Questi tornei sono sempre più frequenti, con la Corea del Sud Paese trainante di un movimento di giovanotti che, magari sacrificando la scuola pur di affinare le loro abilità nel battere gli avversari virtuali, sono diventati fior di professionisti: i cinesi del team Newbee, vincitori di The International, si sono messi in tasca 5 milioni di dollari, uno a testa. A Seul c’è addirittura un canale televisivo dedicato e l’ultima manifestazione svoltasi dentro a uno stadio esaurito da 40 mila posti ha fatto registrare un primato di 8,5 milioni di contatti contemporanei in streaming in tutto il pianeta. E Amazon ha da poco acquisito per quasi un miliardo di dollari la piattaforma Twich, una sorta di YouTube dedicato agli e-sport. Cifre che avviliscono sport come l’hockey della Nhl e iniziano a intrigare gli sponsor. Coca-Cola e American Express, per esempio, si sono già buttate su quella che ritengono sia una potenziale e inaspettata nuova sorgente di clienti.
Ormai questa disciplina viene definita e-sport e le varie leghe che si stanno formando hanno nomi simili a quelle dei grandi sport Usa, come Major League Gaming o Electronic Sports League, che invitano a iscriverti nel loro sito per catapultarti istantaneamente nel mondo dei giocatori professionisti. Perché il fenomeno si sta espandendo con la rapidità con cui devi saper azionare i comandi di un videogame. È una mania contagiosa che segue le regole di qualsiasi altro business: più persone comprano videogame e si dimostrano interessate a queste olimpiadi virtuali, più soldi vengono investiti, più ragazzi sono disposti a tutto pur di afferrare al volo questa redditizia opportunità.
Per intendersi, uno come Peter Dager quest’anno metterà in tasca centinaia di migliaia di dollari (200 mila solo per questo torneo, in cui è arrivato terzo), girando il mondo per i tornei e allenandosi nella sua stanzetta di Fort Wayne, Indiana, dove abita con i genitori. L’attrezzatura non è un investimento da poco: un computer da pro gamer costa diverse migliaia di dollari tra processori, schede, monitor e connessioni al Web ad altissime prestazioni. Ma soprattutto servono lunghi ed estenuanti allenamenti. Perché come i colleghi più famosi di basket o football, il videogiocatore a tempo pieno è costretto a trascorrere decine di ore alla settimana davanti allo schermo. Non esattamente una tortura, ma Dager confessa: «La notte sogno spesso quei personaggi e penso di essere diventato uno di loro». E alcuni dei suoi post cinguettati su Twitter sembrano quelli lamentosi di un qualunque calciatore: «Se penso a tutti i soldi che devo pagare al fisco, mi sento male», oppure «che motivazione avrò alla prossima competizione se gli organizzatori non ci hanno ancora pagato il premio di quella precedente?». E poi c’è la frase emblematica con cui si è sfogato con il New York Times: «Io e altri compagni abbiamo sacrificato tutto: per poter giocare di più, ho mollato gli amici e la scuola».

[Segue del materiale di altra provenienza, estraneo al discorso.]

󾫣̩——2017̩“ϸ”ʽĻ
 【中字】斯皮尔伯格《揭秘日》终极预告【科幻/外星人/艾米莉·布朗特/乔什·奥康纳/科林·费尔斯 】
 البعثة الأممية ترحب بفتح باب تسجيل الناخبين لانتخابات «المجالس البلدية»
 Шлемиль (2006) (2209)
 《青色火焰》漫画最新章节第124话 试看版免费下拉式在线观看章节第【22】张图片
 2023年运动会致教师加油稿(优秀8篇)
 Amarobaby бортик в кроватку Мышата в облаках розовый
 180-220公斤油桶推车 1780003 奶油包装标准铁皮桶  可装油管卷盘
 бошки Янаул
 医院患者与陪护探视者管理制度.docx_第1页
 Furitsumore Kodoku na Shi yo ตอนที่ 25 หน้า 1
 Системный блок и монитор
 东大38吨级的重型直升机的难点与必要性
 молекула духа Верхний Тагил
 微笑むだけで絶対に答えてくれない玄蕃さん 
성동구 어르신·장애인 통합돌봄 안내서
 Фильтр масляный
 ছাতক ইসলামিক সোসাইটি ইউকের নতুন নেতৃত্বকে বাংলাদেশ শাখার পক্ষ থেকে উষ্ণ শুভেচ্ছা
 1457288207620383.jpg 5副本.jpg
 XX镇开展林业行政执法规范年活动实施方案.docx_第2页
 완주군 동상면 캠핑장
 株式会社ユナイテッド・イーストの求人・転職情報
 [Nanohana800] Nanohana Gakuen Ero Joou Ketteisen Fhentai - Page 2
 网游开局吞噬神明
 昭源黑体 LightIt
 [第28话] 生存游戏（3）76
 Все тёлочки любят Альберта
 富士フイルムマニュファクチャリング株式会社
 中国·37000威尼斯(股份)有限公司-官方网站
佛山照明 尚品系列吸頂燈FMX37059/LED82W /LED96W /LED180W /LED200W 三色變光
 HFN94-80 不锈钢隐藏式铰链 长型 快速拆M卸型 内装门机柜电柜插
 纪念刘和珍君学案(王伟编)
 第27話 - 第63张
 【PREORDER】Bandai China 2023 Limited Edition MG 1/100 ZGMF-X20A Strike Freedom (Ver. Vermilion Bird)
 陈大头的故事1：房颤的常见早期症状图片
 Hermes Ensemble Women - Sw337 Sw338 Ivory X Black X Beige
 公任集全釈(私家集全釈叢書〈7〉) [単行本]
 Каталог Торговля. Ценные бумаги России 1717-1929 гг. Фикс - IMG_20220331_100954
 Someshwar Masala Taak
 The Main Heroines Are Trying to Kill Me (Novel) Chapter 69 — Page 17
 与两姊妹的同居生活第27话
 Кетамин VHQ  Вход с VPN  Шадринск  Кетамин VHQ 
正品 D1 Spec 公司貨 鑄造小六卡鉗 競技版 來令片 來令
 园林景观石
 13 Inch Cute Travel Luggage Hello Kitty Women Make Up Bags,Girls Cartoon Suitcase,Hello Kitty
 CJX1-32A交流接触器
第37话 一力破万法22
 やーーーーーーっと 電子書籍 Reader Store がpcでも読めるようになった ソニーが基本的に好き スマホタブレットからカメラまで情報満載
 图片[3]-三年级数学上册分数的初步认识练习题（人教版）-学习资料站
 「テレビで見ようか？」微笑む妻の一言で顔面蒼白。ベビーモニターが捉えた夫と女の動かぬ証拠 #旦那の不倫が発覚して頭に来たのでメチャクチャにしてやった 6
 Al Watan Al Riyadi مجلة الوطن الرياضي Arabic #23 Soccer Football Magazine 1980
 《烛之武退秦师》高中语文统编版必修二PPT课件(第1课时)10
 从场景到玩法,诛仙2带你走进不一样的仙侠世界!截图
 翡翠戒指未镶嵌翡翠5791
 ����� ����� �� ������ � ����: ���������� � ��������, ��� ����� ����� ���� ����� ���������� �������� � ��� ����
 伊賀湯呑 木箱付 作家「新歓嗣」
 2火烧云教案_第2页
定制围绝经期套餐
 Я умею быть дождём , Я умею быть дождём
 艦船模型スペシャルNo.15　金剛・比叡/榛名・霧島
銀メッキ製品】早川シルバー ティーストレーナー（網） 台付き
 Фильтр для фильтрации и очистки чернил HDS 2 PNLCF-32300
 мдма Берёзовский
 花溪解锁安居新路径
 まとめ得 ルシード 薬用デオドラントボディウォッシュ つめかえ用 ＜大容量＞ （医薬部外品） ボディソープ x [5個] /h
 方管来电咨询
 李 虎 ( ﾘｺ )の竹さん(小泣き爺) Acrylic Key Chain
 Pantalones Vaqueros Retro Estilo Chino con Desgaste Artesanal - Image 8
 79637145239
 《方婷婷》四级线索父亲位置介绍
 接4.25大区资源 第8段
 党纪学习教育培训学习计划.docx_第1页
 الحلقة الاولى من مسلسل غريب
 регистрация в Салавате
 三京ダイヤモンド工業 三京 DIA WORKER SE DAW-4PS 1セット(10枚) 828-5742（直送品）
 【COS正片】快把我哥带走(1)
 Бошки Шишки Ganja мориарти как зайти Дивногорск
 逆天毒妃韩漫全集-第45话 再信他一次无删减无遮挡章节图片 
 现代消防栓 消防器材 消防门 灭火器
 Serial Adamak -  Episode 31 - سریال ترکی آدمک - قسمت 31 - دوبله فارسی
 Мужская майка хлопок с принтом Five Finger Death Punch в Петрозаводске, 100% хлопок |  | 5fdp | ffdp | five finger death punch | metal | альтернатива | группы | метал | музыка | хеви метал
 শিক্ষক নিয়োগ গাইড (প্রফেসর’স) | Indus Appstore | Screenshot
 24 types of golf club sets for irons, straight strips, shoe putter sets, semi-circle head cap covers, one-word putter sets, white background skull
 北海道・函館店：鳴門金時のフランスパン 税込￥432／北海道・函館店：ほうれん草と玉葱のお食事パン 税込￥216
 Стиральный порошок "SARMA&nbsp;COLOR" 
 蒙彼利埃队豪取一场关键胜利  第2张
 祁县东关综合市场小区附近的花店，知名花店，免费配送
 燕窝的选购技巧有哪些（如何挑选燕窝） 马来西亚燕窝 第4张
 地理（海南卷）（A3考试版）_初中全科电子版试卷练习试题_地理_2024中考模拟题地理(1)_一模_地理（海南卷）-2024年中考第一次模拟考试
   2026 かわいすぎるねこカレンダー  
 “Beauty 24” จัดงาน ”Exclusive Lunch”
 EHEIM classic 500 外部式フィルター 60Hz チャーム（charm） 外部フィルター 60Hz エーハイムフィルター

L’idea sempre più diffusa di paragonare l’e-sport a quello vero praticato su parquet e campi in erba ha spinto Espn2, uno dei canali interamente dedicati allo sport, a trasmettere a luglio un servizio sul torneo di Dota 2. Un’iniziativa che ha provocato in rete una specie di rivolta popolare, con un’ondata di insulti e giudizi negativi. Ma uno dei responsabili di Esl non si è scomposto: «Se non volete chiamare atleti i nostri giocatori non ha importanza. Nessuno può negare la realtà: il nostro è un movimento in crescita esponenziale».